- Prompt
Transcribe the entries below exactly, starting with the line that has "jpeg 1 habitación" and stopping after the line that has "Studio Carre D'Or, A"; no pictures belong in the copy.

- Supplied records
============

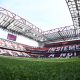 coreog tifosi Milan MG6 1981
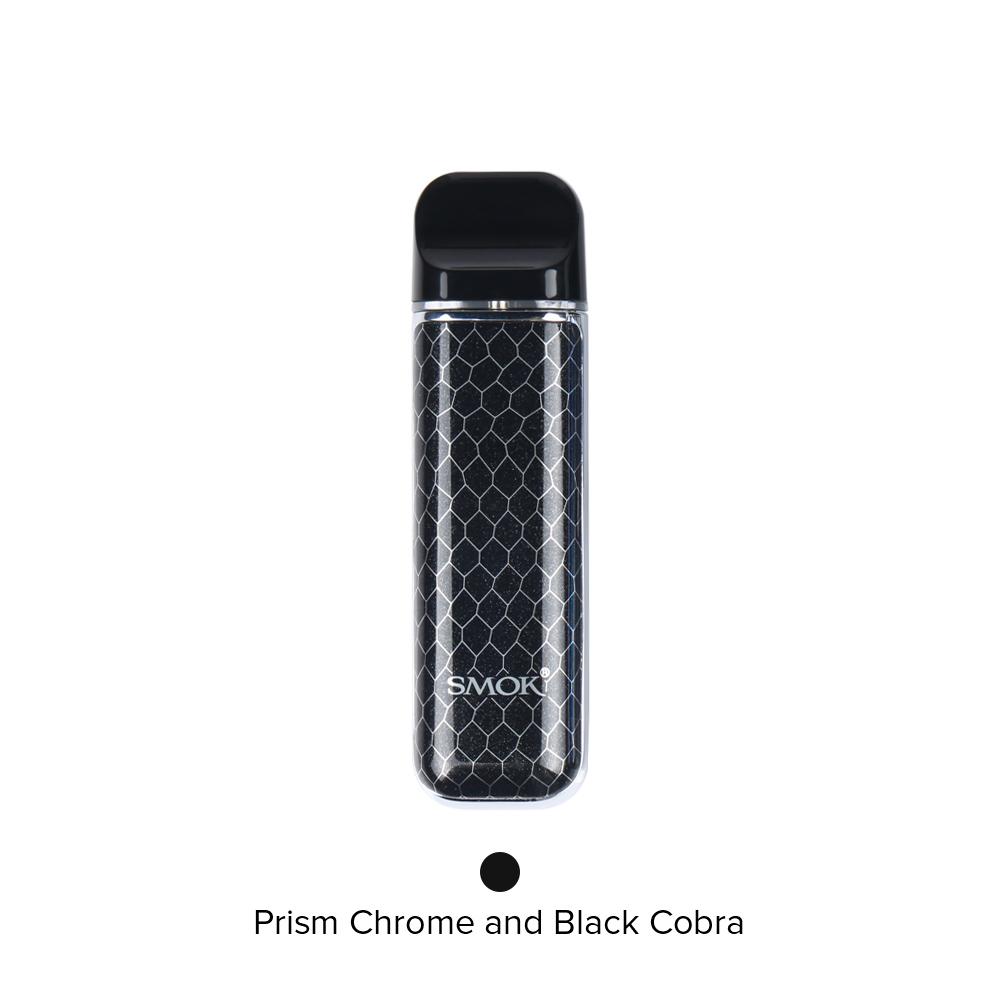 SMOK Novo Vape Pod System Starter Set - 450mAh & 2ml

============

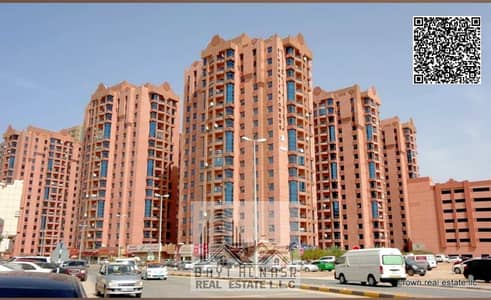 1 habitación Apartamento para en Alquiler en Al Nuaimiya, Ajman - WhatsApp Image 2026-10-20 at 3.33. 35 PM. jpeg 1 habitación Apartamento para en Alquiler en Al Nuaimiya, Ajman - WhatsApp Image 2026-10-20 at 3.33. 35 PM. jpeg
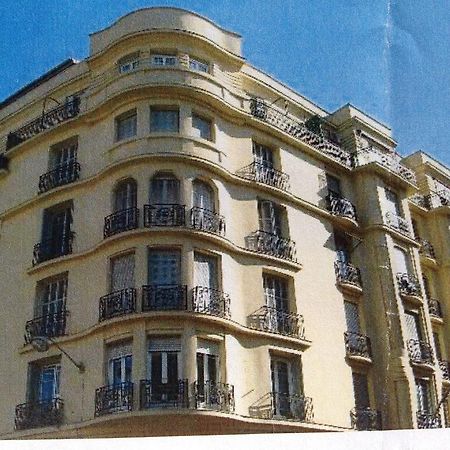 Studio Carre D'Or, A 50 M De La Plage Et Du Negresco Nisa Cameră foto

============

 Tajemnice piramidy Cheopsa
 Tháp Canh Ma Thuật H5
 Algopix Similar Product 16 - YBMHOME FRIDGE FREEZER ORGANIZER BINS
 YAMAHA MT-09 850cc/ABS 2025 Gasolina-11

============

- Answer to the exercise
 1 habitación Apartamento para en Alquiler en Al Nuaimiya, Ajman - WhatsApp Image 2026-10-20 at 3.33. 35 PM. jpeg 1 habitación Apartamento para en Alquiler en Al Nuaimiya, Ajman - WhatsApp Image 2026-10-20 at 3.33. 35 PM. jpeg
 Studio Carre D'Or, A 50 M De La Plage Et Du Negresco Nisa Cameră foto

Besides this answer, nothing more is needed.